We are committed to healing, training, education and support so that the causes of strokes, a leading and debilitating cause of disability and death, can be prevented, and so that the often devastating after-effects of a stroke can be mitigated.

The Stroke Support Group meets the 2nd and 4th Tuesday of each month from 1:30PM to 3:00PM in Suite 110 of the Roxanna Todd Hodges Foundation Office. For any questions or if you want to register, please contact Janet French at (888) 794-9466 or (949) 916-1597.

Importance of Stroke Support Groups Stroke survivors and their family members, friends and others need a Stroke Support Group. This support group is a community organization where they learn more about stroke, share their experiences about stroke, and become inspired to move forward after their stroke. Since a stroke can be very isolating, it is important for Stroke Survivors to meet regularly with other members who will help each of them face and overcome common challenges. They achieve this by sharing experiences and encouraging one another during the group meetings. The stroke support group is a place for stroke survivors and caregivers to make new friends, socialize, gain realistic feedback, help others and find meaning in life that may have been lacking in their lives since their stroke. Stroke Support Groups often are the key to uncovering the hidden strengths in many survivors with the warmth, acceptance and emotional support that is needed after a stroke. Family and friends provide important support, but stroke support groups can also play a vital role in stroke recovery. They can decrease the isolation that survivors and family experience, and introduce new friends to replace those often lost after the stroke. Social support is important in stroke recovery as social isolation has been called a risk factor for a poor outcome after stroke. A Stroke Support Group empowers members with information and provides emotional support that promotes good health and better quality of life.
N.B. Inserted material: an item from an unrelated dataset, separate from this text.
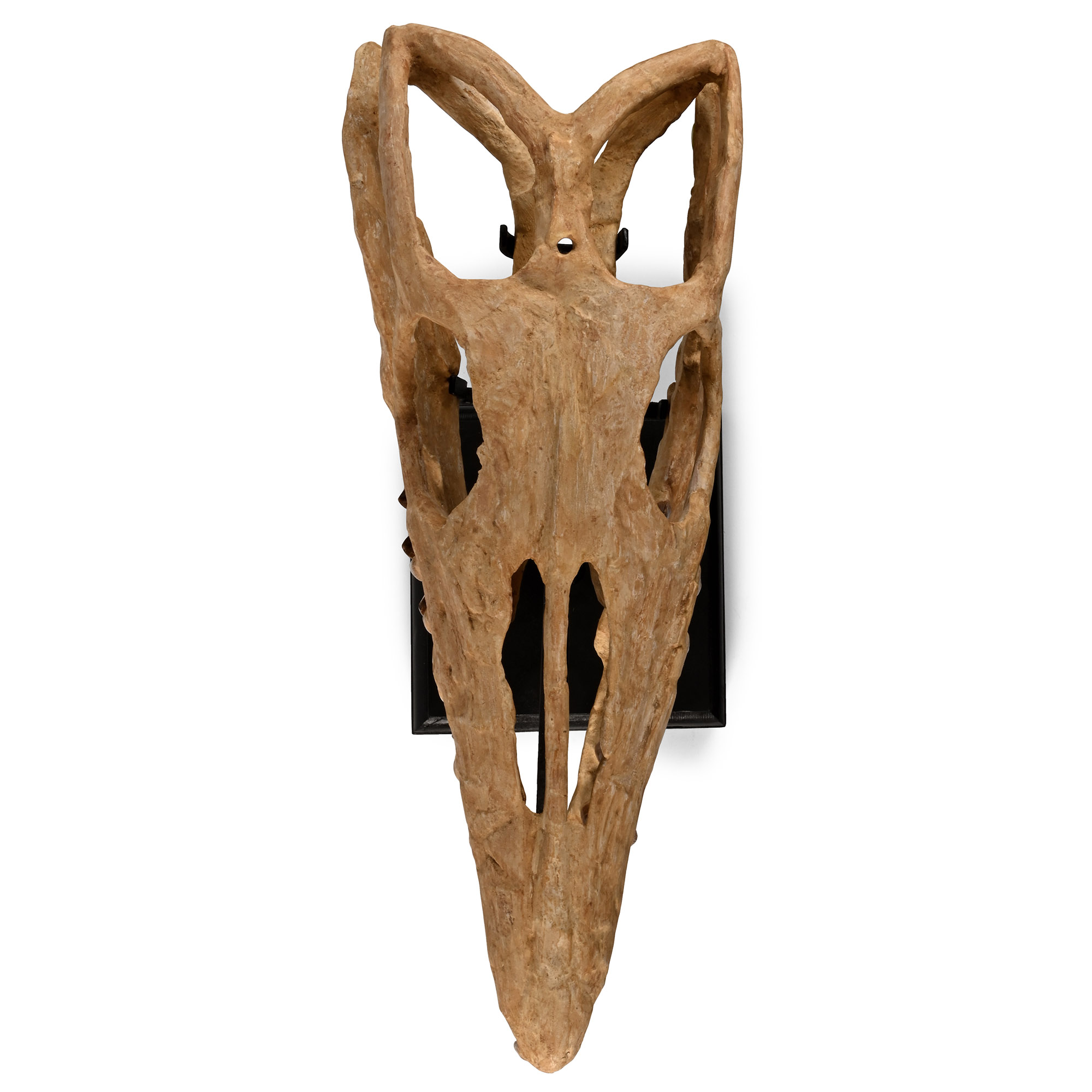 Mosasaur 'Marine Dinosaur' Fossil Skull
Since survivors not only face new disabilities with possible medical complications, it is so important that they receive information to prevent recurrent strokes. Stroke support groups offer a place to provide growth and flexibility where members can have their needs managed. Survivors can become more involved by discovering new ways to find a richer life after stroke by finding individualized goal setting, self-help and self-discovery by participating in a Stroke Support Group.

Stroke survivors are natural candidates for stroke support groups. Through mutual help and support they experience and discover individual possibilities with even more potentials. These groups provide feedback that validates the survivor’s own feelings and expectations and it is a healthy approach to ongoing rehabilitation. It gives each survivor a feeling of hope and adds to increased satisfaction in life.

CAREGIVER’S BILL OF RIGHTS

I have the right… to take care of myself. This is not an act of selfishness. It will give me the capability of taking better care of my relative. I have the right… to seek help from others even though my relatives may object. I recognize the limits of my own endurance and strength. I have the right… to maintain facets of my own life that do not include the person I care for, just as I would if he or she were healthy. I know that I do everything that I reasonably can for this person, and I have the right to do some things just for myself. I have the right… to get angry, be depressed, and express other difficult feelings occasionally. I have the right… to reject any attempts by my relative (either conscious or unconscious) to manipulate me through guilt, and or depression. I have the right… to receive consideration, affection, forgiveness, and acceptance for what I do from my loved one for as long as I offer these qualities in return. I have the right… to take pride in what I am accomplishing and to applaud the courage it has sometimes taken to meet the needs of my relative. I have the right… to protect my individuality and my right to make a life for myself that will sustain me in the time when my relative no longer needs my full-time help.

I have the right… to expect and demand that as new strides are made in finding resources to aid physically and mentally impaired persons in our country, similar strides will be made towards aiding and supporting caregivers.